[Your assignment] Set out exactly every line of the entries below, starting at the line that holds "Fiat Ducato Mh2" and stopping after the line that holds "GAURA 12 CM LINDHEIMERI ROSA 1X10".

Web page caption snippets
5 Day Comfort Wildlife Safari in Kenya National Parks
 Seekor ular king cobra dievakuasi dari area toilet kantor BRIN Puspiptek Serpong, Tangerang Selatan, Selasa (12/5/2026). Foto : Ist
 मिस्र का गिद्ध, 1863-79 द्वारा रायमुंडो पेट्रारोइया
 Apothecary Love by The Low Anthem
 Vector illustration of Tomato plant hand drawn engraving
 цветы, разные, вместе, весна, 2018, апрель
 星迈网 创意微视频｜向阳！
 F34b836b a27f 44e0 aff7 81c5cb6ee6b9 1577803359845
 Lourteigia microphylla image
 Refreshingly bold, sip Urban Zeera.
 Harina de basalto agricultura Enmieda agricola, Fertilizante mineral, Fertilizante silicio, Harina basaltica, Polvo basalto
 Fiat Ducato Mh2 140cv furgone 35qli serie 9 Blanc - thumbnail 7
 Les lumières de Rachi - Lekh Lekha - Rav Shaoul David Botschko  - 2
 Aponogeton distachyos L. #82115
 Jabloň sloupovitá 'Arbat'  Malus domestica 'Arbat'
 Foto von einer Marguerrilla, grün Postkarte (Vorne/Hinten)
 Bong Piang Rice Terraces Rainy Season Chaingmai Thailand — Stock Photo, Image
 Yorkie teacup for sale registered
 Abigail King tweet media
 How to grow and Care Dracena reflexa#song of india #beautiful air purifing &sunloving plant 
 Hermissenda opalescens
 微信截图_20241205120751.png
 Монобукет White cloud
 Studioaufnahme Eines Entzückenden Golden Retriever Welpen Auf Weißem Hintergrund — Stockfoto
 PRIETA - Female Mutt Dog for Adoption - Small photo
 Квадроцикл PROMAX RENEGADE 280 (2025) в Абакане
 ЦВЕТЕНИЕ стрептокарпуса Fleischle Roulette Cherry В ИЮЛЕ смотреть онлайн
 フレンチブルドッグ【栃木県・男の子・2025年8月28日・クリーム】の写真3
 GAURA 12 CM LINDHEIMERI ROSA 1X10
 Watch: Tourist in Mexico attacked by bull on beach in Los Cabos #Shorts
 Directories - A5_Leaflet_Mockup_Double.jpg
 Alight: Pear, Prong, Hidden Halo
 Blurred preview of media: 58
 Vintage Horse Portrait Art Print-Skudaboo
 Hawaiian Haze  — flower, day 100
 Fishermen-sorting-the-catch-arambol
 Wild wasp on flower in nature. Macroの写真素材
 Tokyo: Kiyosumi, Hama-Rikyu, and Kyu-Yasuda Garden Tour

[Response for this exercise]
 Fiat Ducato Mh2 140cv furgone 35qli serie 9 Blanc - thumbnail 7
 Les lumières de Rachi - Lekh Lekha - Rav Shaoul David Botschko  - 2
 Aponogeton distachyos L. #82115
 Jabloň sloupovitá 'Arbat'  Malus domestica 'Arbat'
 Foto von einer Marguerrilla, grün Postkarte (Vorne/Hinten)
 Bong Piang Rice Terraces Rainy Season Chaingmai Thailand — Stock Photo, Image
 Yorkie teacup for sale registered
 Abigail King tweet media
 How to grow and Care Dracena reflexa#song of india #beautiful air purifing &sunloving plant 
 Hermissenda opalescens
 微信截图_20241205120751.png
 Монобукет White cloud
 Studioaufnahme Eines Entzückenden Golden Retriever Welpen Auf Weißem Hintergrund — Stockfoto
 PRIETA - Female Mutt Dog for Adoption - Small photo
 Квадроцикл PROMAX RENEGADE 280 (2025) в Абакане
 ЦВЕТЕНИЕ стрептокарпуса Fleischle Roulette Cherry В ИЮЛЕ смотреть онлайн
 フレンチブルドッグ【栃木県・男の子・2025年8月28日・クリーム】の写真3
 GAURA 12 CM LINDHEIMERI ROSA 1X10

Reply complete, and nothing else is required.